Full text search

R

RomanovAS2012-11-23 07:04:03

PHP

RomanovAS, 2012-11-23 07:04:03

Full text search

Hello dear experts!

There was a need to implement a search in the database of documents ranging in size from 100 to 150 gigabytes. Among the documents there are formats: text, HTML, PDF, OpenOffice, OpenDocument, Microsoft Word/Excel, RTF.

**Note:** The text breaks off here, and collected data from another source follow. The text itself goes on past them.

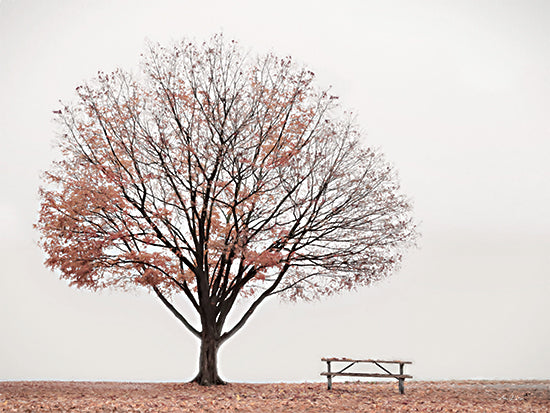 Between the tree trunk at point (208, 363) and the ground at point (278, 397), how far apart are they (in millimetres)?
431

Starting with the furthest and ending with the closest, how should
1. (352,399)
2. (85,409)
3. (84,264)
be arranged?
(84,264) → (352,399) → (85,409)

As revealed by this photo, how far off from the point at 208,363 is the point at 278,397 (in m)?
4.27

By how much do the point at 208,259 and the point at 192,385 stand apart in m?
4.10

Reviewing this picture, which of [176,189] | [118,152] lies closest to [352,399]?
[176,189]

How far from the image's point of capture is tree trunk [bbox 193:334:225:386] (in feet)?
63.8

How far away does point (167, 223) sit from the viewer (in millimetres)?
19453

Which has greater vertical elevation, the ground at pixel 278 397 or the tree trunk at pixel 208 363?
the tree trunk at pixel 208 363

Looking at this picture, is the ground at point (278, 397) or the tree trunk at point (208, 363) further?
the tree trunk at point (208, 363)

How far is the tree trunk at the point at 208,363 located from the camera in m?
19.4

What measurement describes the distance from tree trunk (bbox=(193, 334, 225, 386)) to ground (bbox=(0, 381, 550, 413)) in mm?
431

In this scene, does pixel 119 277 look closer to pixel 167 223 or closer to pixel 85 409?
pixel 167 223

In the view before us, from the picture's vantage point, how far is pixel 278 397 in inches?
627

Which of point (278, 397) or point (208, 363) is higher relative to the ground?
point (208, 363)

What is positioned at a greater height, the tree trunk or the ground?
the tree trunk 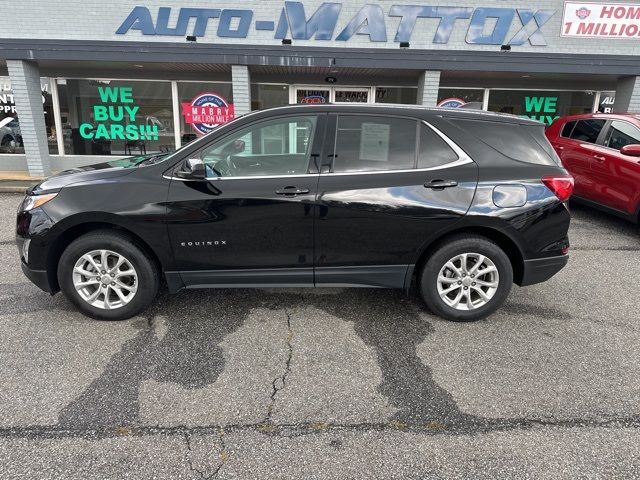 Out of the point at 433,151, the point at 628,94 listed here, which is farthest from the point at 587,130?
the point at 433,151

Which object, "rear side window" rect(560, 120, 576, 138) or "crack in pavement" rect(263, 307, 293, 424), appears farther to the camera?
"rear side window" rect(560, 120, 576, 138)

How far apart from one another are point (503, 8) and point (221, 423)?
10240mm

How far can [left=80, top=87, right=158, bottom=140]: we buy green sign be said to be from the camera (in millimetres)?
10961

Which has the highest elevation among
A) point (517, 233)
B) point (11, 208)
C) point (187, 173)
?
point (187, 173)

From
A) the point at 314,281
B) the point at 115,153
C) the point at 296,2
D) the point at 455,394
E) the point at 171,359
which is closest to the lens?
the point at 455,394

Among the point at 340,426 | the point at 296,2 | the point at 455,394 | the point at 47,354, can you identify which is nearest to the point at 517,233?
the point at 455,394

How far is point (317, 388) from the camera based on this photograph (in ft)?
9.29

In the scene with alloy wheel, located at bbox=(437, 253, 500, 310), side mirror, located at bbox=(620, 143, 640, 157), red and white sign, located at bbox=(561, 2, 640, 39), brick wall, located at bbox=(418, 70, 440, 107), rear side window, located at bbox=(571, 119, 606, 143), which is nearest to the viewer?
alloy wheel, located at bbox=(437, 253, 500, 310)

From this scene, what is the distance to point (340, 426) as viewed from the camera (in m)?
2.49

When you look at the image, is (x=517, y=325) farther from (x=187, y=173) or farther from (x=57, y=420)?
(x=57, y=420)

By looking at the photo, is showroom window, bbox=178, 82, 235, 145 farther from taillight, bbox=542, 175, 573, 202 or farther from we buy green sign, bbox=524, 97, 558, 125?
taillight, bbox=542, 175, 573, 202

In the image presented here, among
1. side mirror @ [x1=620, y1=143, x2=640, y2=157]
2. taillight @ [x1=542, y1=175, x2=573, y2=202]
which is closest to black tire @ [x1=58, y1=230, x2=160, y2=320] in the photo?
taillight @ [x1=542, y1=175, x2=573, y2=202]

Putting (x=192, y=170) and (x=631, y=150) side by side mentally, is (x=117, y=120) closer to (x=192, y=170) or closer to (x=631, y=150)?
(x=192, y=170)

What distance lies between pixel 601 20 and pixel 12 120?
1435cm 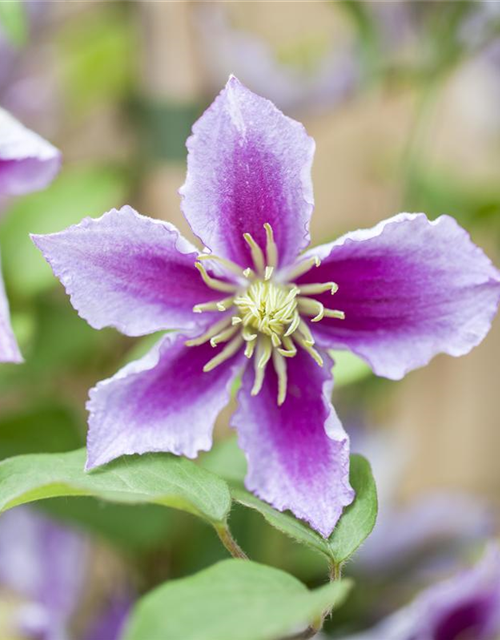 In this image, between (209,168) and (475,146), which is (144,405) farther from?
(475,146)

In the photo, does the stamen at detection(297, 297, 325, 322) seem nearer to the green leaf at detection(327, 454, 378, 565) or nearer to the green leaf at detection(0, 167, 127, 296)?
the green leaf at detection(327, 454, 378, 565)

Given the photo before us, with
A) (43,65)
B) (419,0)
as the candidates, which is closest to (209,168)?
(419,0)

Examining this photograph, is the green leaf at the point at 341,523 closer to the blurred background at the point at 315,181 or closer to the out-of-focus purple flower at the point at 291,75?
the blurred background at the point at 315,181

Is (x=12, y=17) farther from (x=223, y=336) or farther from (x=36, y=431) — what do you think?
(x=36, y=431)

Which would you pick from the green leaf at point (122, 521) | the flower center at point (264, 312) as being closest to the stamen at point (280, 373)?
the flower center at point (264, 312)

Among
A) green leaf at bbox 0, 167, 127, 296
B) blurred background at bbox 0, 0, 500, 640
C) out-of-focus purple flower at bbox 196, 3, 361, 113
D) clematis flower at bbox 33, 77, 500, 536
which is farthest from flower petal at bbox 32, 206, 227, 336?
out-of-focus purple flower at bbox 196, 3, 361, 113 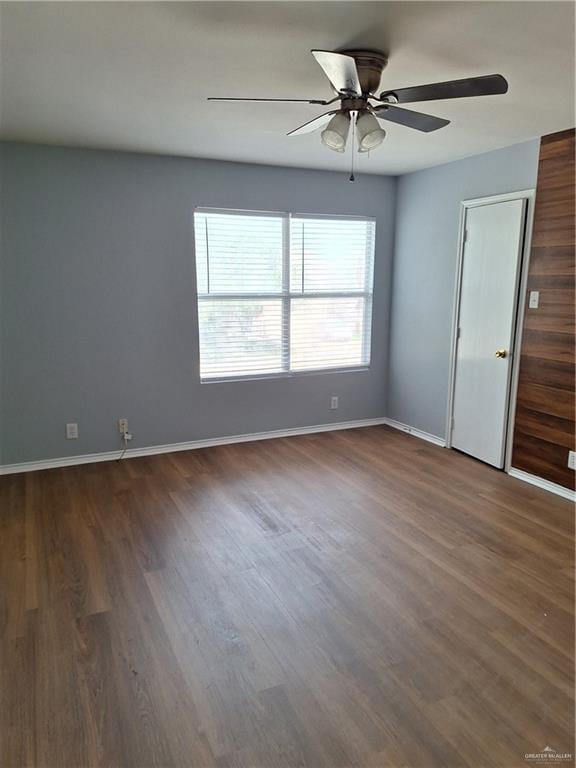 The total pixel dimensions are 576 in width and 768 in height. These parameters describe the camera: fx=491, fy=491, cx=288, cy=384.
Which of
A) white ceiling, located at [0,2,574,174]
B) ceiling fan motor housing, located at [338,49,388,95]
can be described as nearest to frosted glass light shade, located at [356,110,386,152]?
ceiling fan motor housing, located at [338,49,388,95]

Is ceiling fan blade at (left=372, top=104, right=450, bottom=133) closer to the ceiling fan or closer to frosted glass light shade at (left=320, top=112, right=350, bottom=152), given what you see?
the ceiling fan

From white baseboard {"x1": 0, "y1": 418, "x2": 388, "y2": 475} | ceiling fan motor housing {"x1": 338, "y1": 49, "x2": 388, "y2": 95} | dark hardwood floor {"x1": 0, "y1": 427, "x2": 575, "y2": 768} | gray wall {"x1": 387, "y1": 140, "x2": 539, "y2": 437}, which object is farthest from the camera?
gray wall {"x1": 387, "y1": 140, "x2": 539, "y2": 437}

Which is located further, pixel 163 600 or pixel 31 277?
pixel 31 277

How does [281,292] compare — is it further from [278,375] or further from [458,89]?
[458,89]

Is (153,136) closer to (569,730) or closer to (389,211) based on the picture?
(389,211)

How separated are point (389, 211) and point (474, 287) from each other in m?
1.38

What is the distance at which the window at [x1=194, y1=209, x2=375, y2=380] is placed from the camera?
14.3ft

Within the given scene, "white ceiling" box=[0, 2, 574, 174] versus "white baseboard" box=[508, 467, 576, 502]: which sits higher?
"white ceiling" box=[0, 2, 574, 174]

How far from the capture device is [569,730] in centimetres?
168

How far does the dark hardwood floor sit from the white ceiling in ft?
8.08

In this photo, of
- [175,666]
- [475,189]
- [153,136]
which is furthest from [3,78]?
[475,189]

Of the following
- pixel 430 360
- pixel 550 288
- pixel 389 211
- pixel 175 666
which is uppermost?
pixel 389 211

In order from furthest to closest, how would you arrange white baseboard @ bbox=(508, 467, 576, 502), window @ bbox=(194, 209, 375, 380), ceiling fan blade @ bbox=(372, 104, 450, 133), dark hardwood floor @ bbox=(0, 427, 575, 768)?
window @ bbox=(194, 209, 375, 380), white baseboard @ bbox=(508, 467, 576, 502), ceiling fan blade @ bbox=(372, 104, 450, 133), dark hardwood floor @ bbox=(0, 427, 575, 768)

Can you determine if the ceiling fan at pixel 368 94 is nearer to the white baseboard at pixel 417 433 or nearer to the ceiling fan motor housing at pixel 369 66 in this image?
the ceiling fan motor housing at pixel 369 66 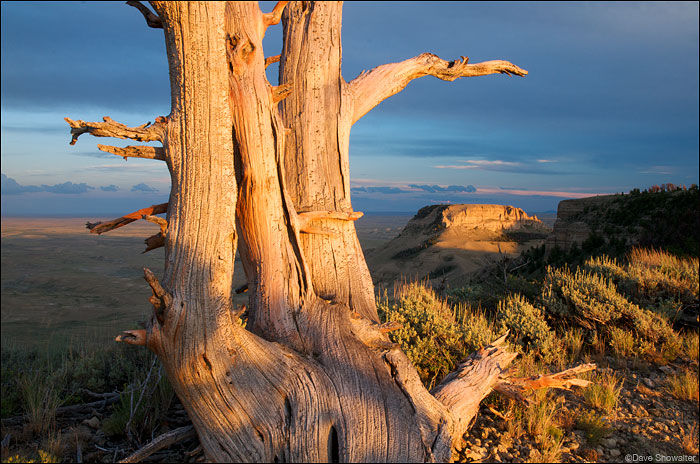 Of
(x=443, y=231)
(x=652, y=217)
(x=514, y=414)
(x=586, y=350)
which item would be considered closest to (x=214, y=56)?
(x=514, y=414)

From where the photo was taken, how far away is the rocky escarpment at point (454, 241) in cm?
2900

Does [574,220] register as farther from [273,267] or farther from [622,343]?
[273,267]

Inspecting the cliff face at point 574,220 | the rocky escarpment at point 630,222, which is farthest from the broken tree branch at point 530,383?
the cliff face at point 574,220

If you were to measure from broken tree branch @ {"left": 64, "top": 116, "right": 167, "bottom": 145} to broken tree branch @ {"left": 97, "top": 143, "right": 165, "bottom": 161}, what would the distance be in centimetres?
10

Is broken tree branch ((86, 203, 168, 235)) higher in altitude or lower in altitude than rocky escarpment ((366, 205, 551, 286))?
higher

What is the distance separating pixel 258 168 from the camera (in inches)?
139

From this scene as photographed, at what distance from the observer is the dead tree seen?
2.94 meters

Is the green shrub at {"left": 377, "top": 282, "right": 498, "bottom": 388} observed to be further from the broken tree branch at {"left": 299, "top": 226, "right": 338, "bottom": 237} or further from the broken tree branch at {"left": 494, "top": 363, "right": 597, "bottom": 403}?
the broken tree branch at {"left": 299, "top": 226, "right": 338, "bottom": 237}

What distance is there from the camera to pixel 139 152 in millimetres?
3184

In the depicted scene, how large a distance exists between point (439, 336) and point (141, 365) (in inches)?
155

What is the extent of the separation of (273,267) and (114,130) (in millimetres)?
1591

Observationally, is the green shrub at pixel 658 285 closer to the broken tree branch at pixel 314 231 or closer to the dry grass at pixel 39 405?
the broken tree branch at pixel 314 231

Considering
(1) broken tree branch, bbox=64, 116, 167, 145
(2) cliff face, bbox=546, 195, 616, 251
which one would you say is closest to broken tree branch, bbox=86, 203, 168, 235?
(1) broken tree branch, bbox=64, 116, 167, 145

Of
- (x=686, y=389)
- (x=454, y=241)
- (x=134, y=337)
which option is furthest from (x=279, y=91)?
(x=454, y=241) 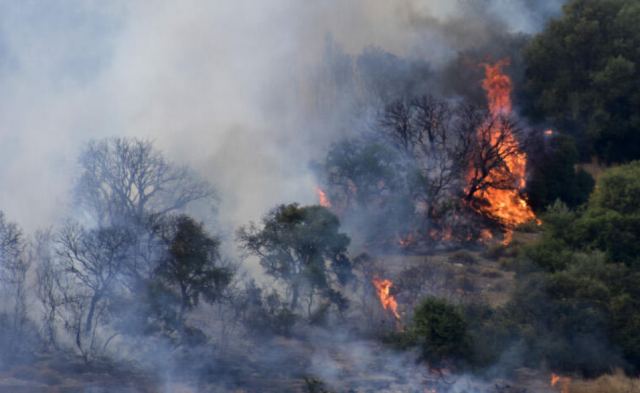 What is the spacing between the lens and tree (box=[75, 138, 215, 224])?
28.3 metres

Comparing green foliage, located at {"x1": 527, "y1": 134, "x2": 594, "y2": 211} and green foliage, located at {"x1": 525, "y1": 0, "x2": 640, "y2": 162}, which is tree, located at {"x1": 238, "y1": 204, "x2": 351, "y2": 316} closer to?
green foliage, located at {"x1": 527, "y1": 134, "x2": 594, "y2": 211}

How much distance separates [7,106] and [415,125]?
50.4 feet

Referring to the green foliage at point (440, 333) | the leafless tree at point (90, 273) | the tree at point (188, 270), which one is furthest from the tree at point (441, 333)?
the leafless tree at point (90, 273)

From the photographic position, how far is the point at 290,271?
27.0 meters

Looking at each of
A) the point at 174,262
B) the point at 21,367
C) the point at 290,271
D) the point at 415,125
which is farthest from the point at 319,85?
the point at 21,367

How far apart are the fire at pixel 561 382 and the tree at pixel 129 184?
1198 cm

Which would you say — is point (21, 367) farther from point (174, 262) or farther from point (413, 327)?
point (413, 327)

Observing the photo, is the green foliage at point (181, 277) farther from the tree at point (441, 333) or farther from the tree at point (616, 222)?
the tree at point (616, 222)

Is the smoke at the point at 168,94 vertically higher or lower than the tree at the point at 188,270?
higher

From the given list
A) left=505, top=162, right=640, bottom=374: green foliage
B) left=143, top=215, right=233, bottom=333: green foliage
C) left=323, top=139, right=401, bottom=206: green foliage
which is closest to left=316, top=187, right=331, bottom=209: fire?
left=323, top=139, right=401, bottom=206: green foliage

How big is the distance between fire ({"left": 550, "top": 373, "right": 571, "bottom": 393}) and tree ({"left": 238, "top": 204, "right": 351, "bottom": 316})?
6113 millimetres

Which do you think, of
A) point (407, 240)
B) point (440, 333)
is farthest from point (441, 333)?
point (407, 240)

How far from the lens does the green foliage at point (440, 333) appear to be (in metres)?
22.8

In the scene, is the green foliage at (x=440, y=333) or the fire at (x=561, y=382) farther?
the fire at (x=561, y=382) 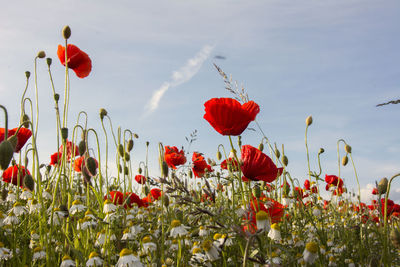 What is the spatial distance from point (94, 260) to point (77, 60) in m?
2.39

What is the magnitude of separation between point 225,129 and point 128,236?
35.4 inches

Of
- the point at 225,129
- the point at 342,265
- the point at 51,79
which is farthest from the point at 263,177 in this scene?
the point at 51,79

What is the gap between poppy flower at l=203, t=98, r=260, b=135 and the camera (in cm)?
224

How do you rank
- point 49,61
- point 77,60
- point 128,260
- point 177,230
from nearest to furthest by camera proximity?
1. point 128,260
2. point 177,230
3. point 49,61
4. point 77,60

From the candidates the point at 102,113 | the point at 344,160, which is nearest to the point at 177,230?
the point at 102,113

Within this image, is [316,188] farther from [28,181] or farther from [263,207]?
[28,181]

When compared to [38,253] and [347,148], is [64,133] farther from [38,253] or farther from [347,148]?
[347,148]

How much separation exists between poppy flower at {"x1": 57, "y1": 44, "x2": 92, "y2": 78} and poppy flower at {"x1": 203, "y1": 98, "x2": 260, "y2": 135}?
76.2 inches

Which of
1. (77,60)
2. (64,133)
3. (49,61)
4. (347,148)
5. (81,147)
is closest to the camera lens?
(64,133)

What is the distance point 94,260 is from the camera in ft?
6.56

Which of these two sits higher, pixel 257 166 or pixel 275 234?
pixel 257 166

The search will be carried out by about 300 people permanently connected to the database, people are located in different cities of Russia.

Texts in Russian.

What do you advise?

1. What systems exist to implement such a search?
2. Is it possible to index such a volume of information?
3. How long will it take to search such a database?
4. What capacity of the server should be allocated to solve such a problem?
5. Where is the best place to store indexes?
6. Is it possible to access the search engine through PHP?
7. Deadlines for the implementation of the task?

Thank you in advance!

Reply

Answer the question

In order to leave comments, you need to log in

5 answer(s)

R

Roman Makarov, 2012-11-23
@vollossy

And you did not look towards Sphinx or, for example, Zend Lucene . This is the first thing that came to mind. Although, to be honest, I'm not sure how suitable they are for a particular task.

R

Renat Ibragimov, 2012-11-23
@MpaK999

Solr is able to index documents very well - lucene.apache.org/solr/ will have to play a little with the Russian language.
I won't speak for the PHP adapter (but it should be), there is a REST API, so everything is easy.

S

sajgak, 2012-11-23
@sajgak

Instead of Solr, I advise you to use ElasticSearch. Both of them are built on Lucene, but in elastic things are much better with the speed of adding, changing documents in the index + sharding out of the box. Worked with both systems, even subjectively elastic has a more user-friendly query language

D

dali, 2012-11-23
@dali

If we talk about Sphinx, then it needs a database as a data source (so that it can retrieve data using sql) or xml (xml-pipes). That is, before setting up the sphinx, you will need to either write all your documents to the database or convert them to xml. Here you can come up with several solutions, depending on what you need. Suppose you do not need a full-text search for documents, you can assign keywords to each document, then in xml you can write the keywords and the name of the document, the search is carried out by keywords, the document is issued. Well, or completely pull out the text from the documents, put it in the database (having come up with a structure before that), perform a full-text search.
About volumes: 100-150 GB is certainly a lot, although it is possible that when you pull out the text from documents, the volume will be reduced, but not a fact. But keep in mind that Sphinx builds indexes, and they will take at least three times more space. Therefore, the disk will need a minimum of terabytes and as quickly as possible.
For hardware: I have a search for a 1GB table that works quietly (and very fast) at 512 meters of RAM on 1 core on hosting under Debian 5.5. The indexer can limit memory consumption, then it will index more slowly. But you can configure it to index only what you need.
And there are many ways to implement it, but it all depends on what you need to get at the output, how to look for it and what.

C

cat_crash, 2012-11-23
@cat_crash

Perhaps a panacea - company.yandex.ru/technologies/server/
Sphinx - does not know how to index files.